By Mike LaBella
---- — HAVERHILL — Bill LaPierre drew deeply on his faith in God and forgave the woman who violently took his beloved wife of 37 years from him, their family and the community she devoted her life to helping.
The court system wasn’t so forgiving, even after Lisa Leavitt stepped forward and accepted responsibility for the woman’s death.
At a hearing in Haverhill District Court in March, Leavitt chose to plead guilty to the crime she was charged with — motor vehicle homicide while operating under the influence of alcohol.
Leavitt didn’t want a plea deal or a trial. She just wanted to be punished for striking Karen LaPierre with her car as the 63-year-old church volunteer was loading doughnuts into her own vehicle early on a Sunday morning. The doughnuts were to be served after Mass at LaPierre’s parish, Sacred Hearts Church. Leavitt received the maximum sentence of 2 1/2 years behind bars, and began serving her sentence at the women’s prison in Framingham.
On April 17, Leavitt was transferred to a minimum security pre-release facility for women in Salisbury, according to Maurice Pratt, a spokesman for the Essex County Sheriff’s Department. He said the Women in Transition facility is for non-violent offenders with minimum criminal history.
On Dec. 17, Leavitt, 38, was transferred to a local “sober house” as part of the WIT program and wears an electronic monitoring bracelet, Pratt said.

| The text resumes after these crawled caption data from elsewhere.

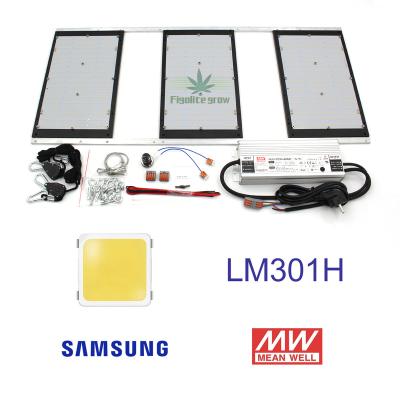 China Seed Starting Figolite 320W Grow Clear Original LM301H LED Panel v3 3xQB288 UV&IR 660nm With Meanwell Driver for sale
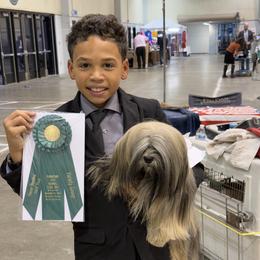 Lhasa Apso, Maltese, and Poodle All Grown Up from Toy Poodle and Maltese Perfection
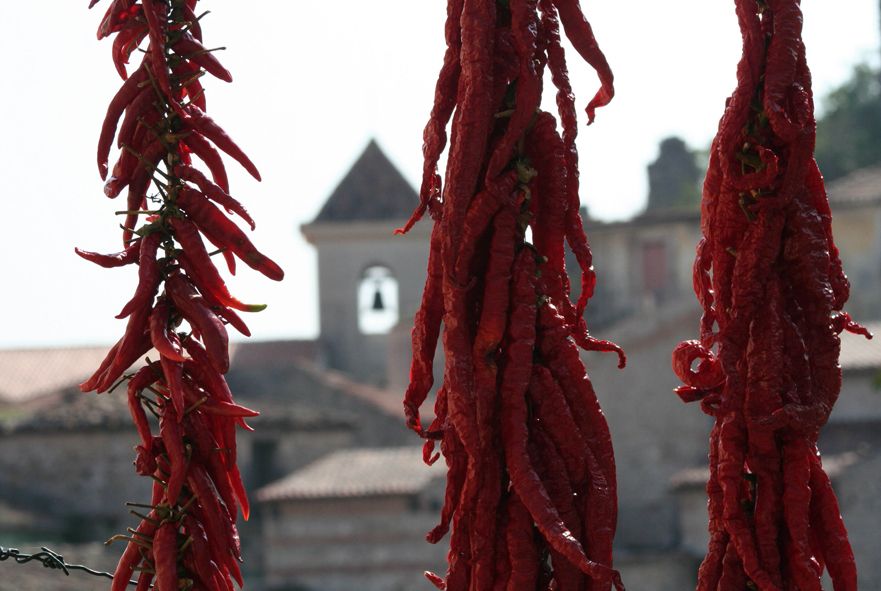 From Naples: Irpinia Wine Tour with 6 Tastings - Irpinia Wine Country: Why This Part of Campania Is Worth a Day Trip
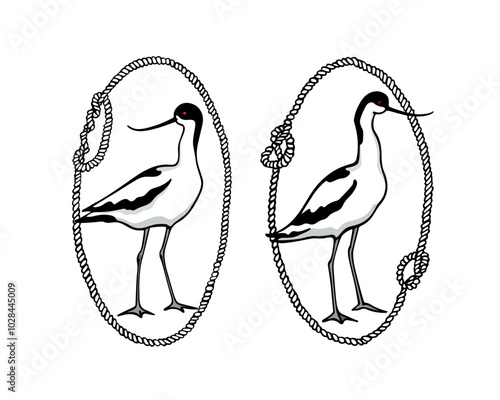 Vector emblem set of hand drawn two standing avocet in rope frames. Ink drawing, beautiful animal and nautical design elements.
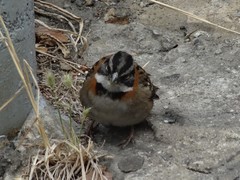 Zonotrichia capensis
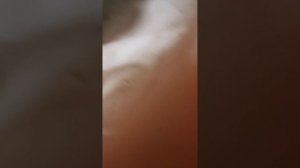 VID_20260501_194058.mp4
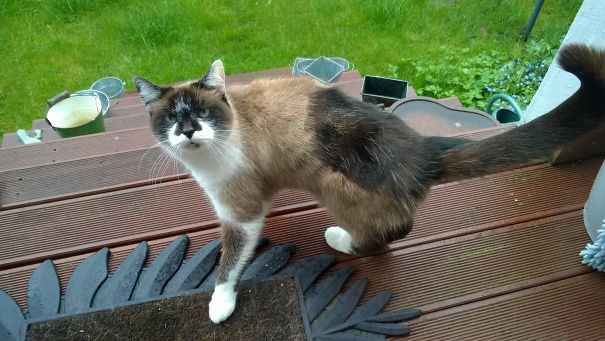 My Cat Has His Back Shaved For Surgery, His Hairs Regrown Black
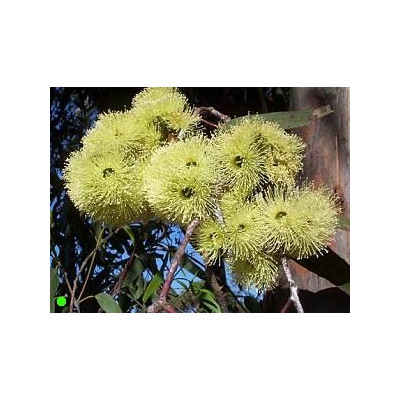 EUCALYPTUS  stricklandii "Yellow-flowering Gum" (porce)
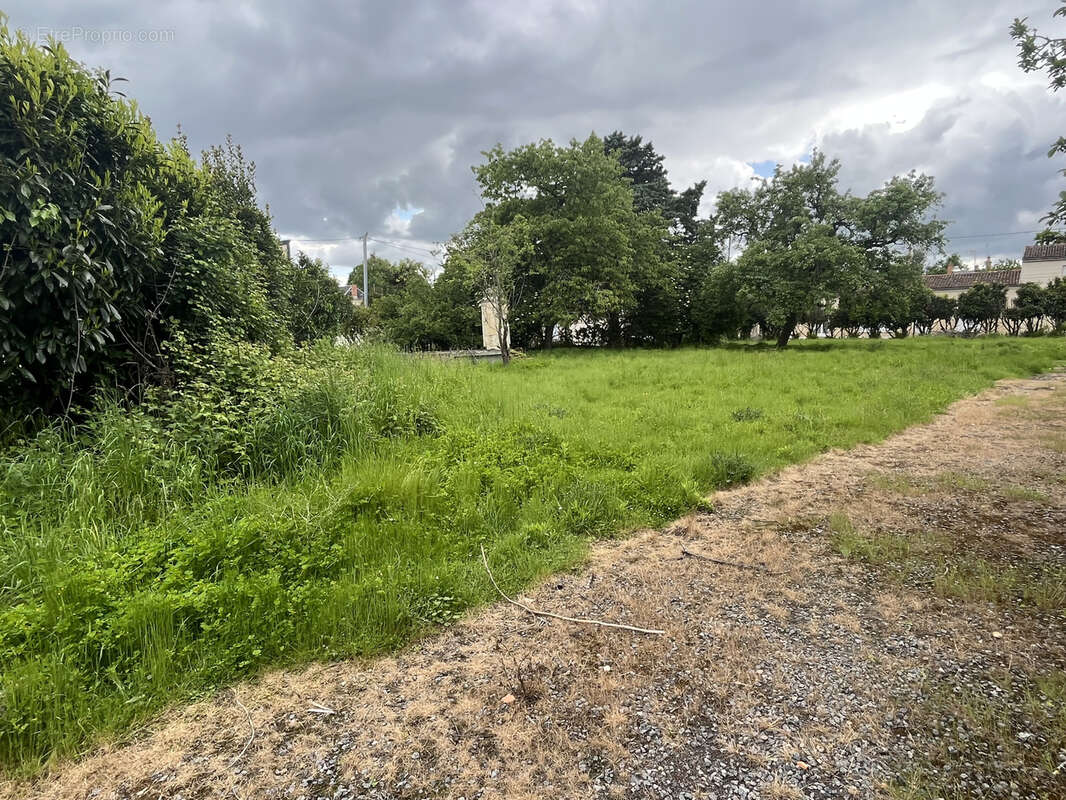 ref 60513 BRION PRES THOUET Terrain constructible hors lotissement de 1258m2 - photo 2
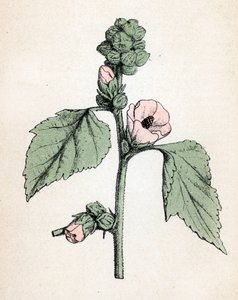 Guimauve officinale (Althaea officinalis) (Guimauve blanche) Planche botanique de l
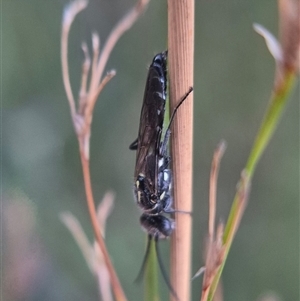 Thynninae (subfamily) at Bungendore, NSW - suppressed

He said Leavitt is living in a structured environment where she must take part in programs such as substance abuse classes, group counseling sessions and a work release program.
“It’s a very structured environment that is vital to the reintegration process by helping inmates adjust to living in the community,” Pratt said.

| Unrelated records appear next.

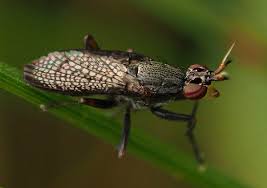 Attēlu rezultāti vaicājumam “Coremacera marginata”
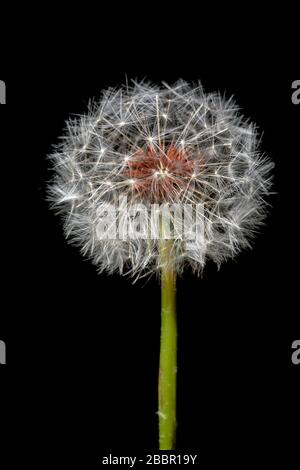 Nahaufnahme von Dandelion Seedhead (Gattung Taraxacum) vor schwarzem Hintergrund - Brevard, North Carolina, USA Stockfoto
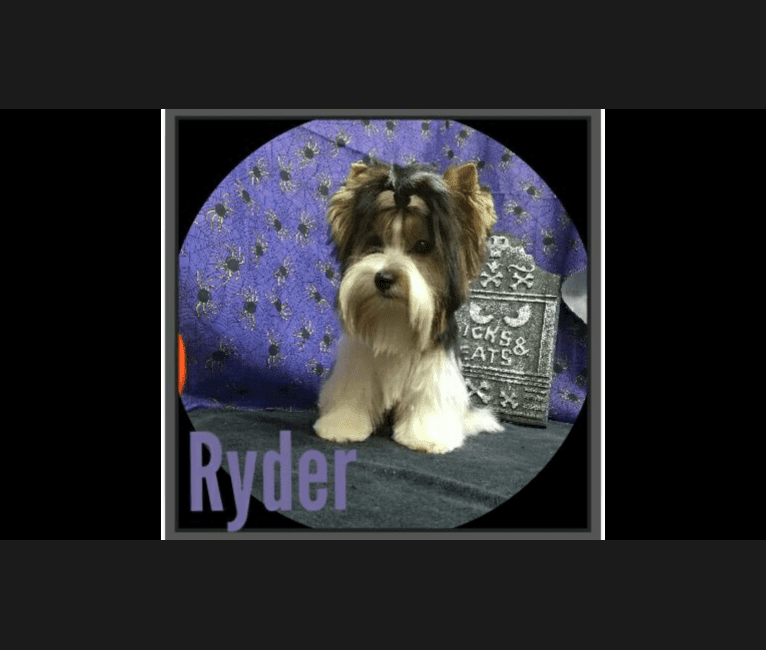 Ryder, a Biewer Terrier tested with EmbarkVet.com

Pratt would not discuss when Leavitt is expected to be released from the program. He said inmates who are in the program are typically allowed to work 20 to 25 hours a week. They receive a certain amount in spending money, and part of their income goes to rent and program fees, he said.

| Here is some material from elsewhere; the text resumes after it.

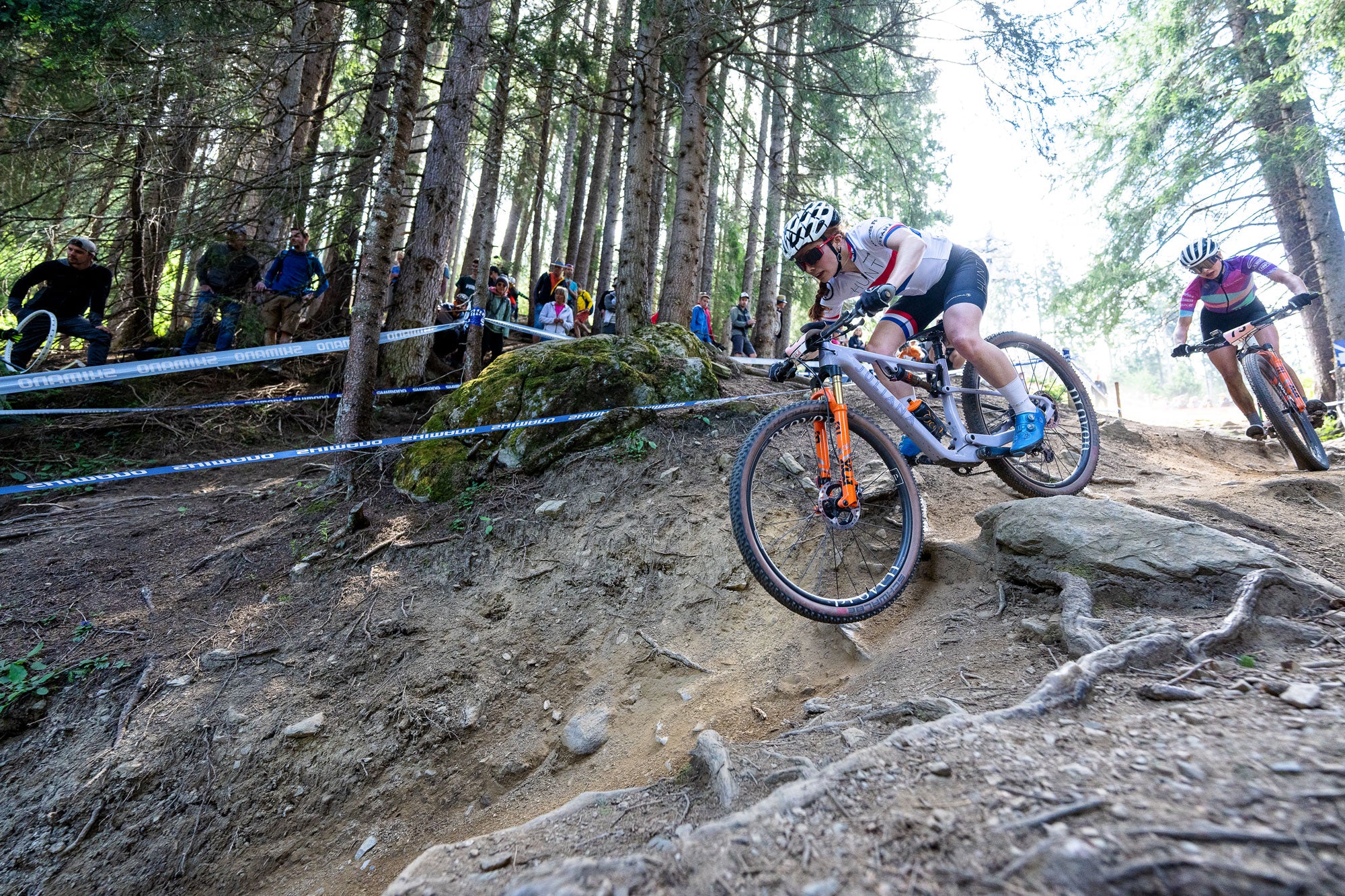 Re:New HUNT Proven Carbon Race XC MTB 29 Wheelset - Lightweight & Durable Mountain Bike Wheels for Cross-Country Racing - Perfect for Trail Riding, Enduro & Competitive Cycling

“They are learning or relearning accountability, responsibility in a therapeutic environment,’’ he said. “And they aren’t getting this for free as they must go out and work.”
He said it has to be an approved work site that the Sheriff’s Department has an arrangement with.
Police said the accident that claimed Karen LaPierre’s life happened at 5:20 a.m. on Dec. 18 of 2011. Karen and Bill LaPierre were making their regular Sunday morning stop at Heav’nly Donuts at 55 So. Main St. in Bradford to pick up doughnuts for hospitality gatherings after morning Masses at Sacred Hearts Church. Karen LaPierre was putting the doughnuts in the truck when Leavitt drove into her.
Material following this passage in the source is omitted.